**SUPPLIED RECORDS**
== Segment start ==

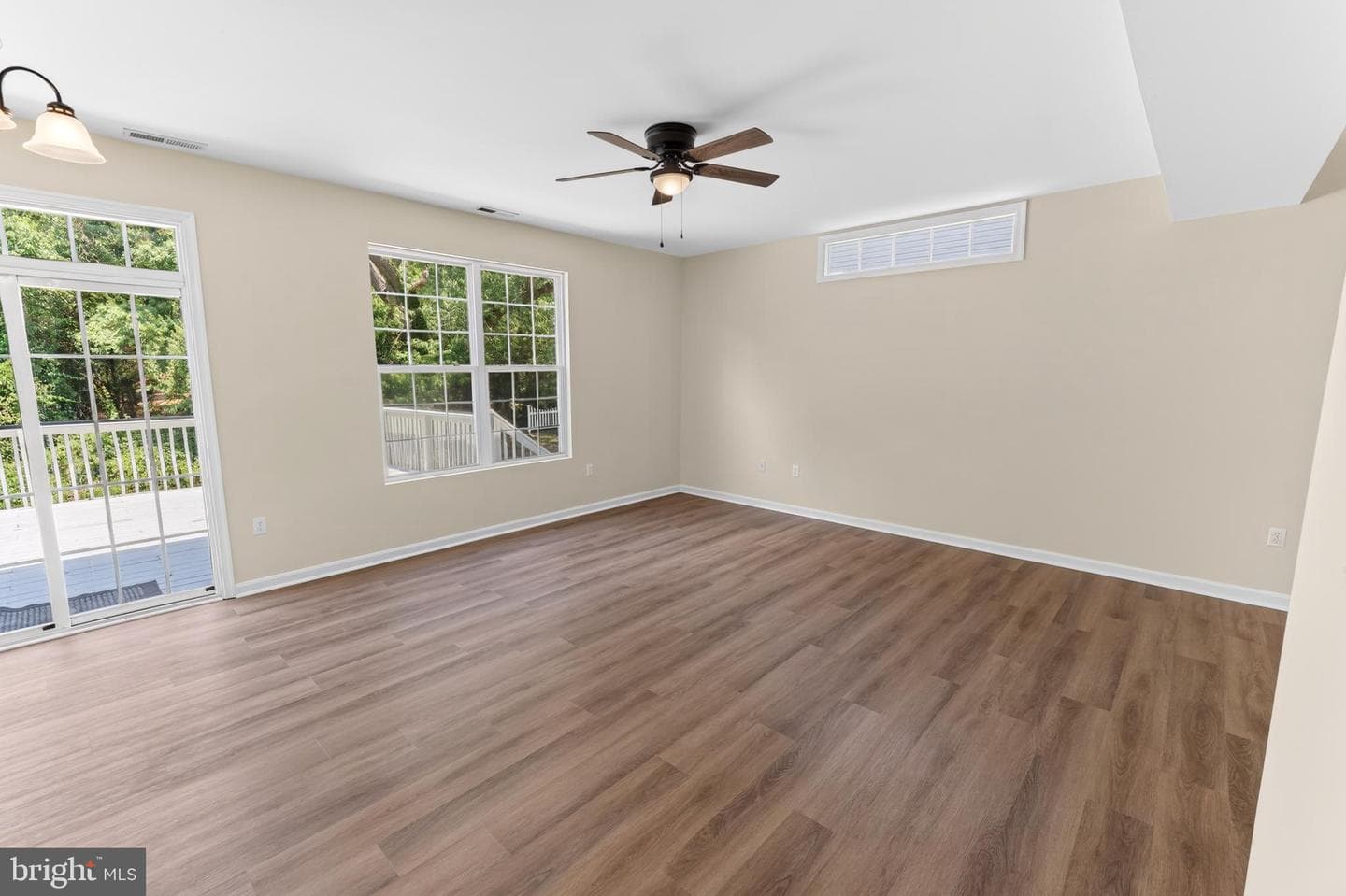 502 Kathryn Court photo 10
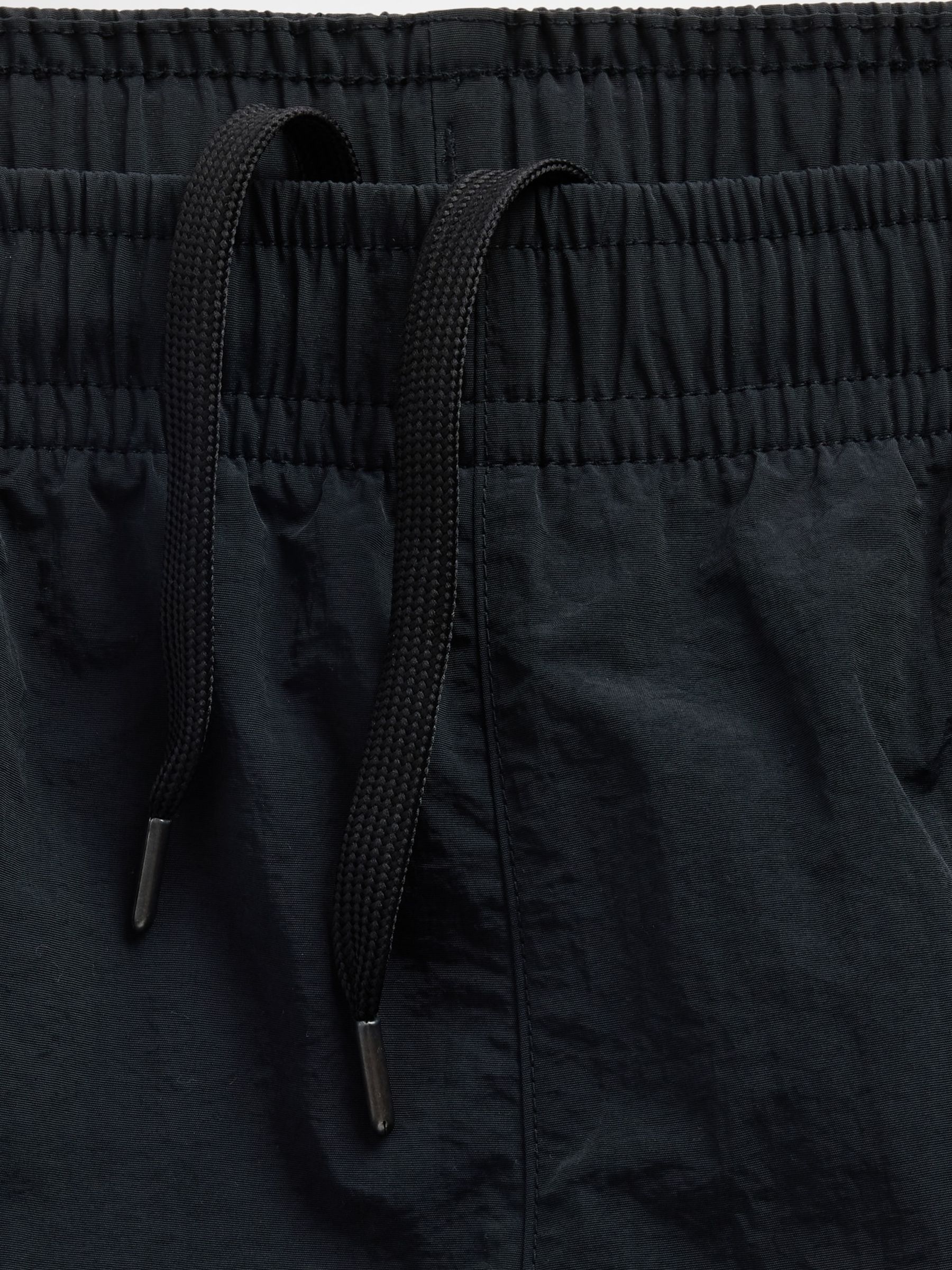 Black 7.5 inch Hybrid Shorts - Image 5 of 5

== Segment end ==
== Segment start ==

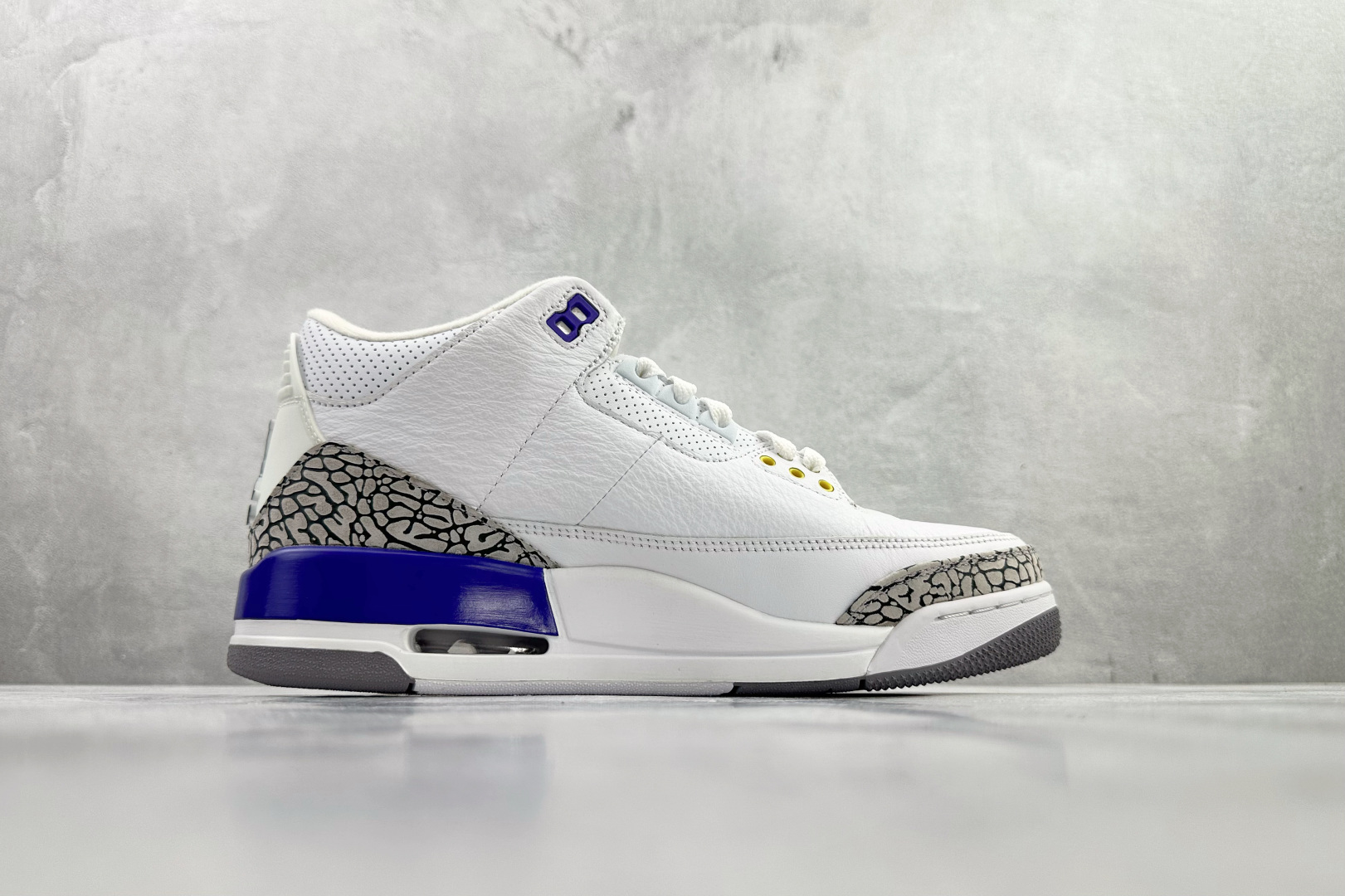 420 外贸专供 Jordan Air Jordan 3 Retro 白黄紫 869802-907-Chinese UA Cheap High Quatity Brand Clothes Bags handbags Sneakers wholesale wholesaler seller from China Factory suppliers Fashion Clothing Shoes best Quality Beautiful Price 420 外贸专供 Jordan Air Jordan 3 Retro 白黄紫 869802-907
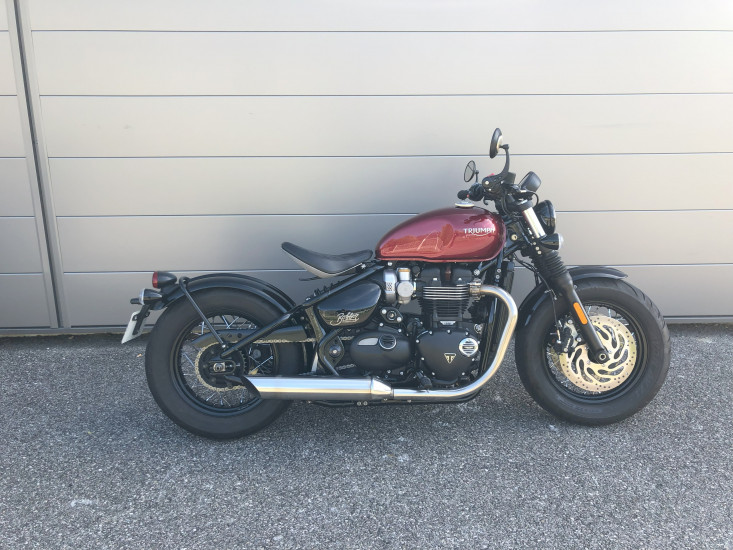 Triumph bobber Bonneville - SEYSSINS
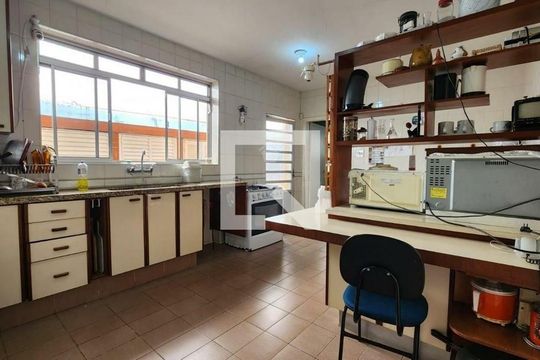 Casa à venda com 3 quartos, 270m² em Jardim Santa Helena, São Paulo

== Segment end ==

With pictures excluded, reproduce exactly the lines above from the one containing "502 Kathryn Court photo 10" down to the one containing "Black 7.5 inch Hybrid Shorts - Image 5 of 5", those two included.

**WRITTEN SOLUTION**
 502 Kathryn Court photo 10
 Black 7.5 inch Hybrid Shorts - Image 5 of 5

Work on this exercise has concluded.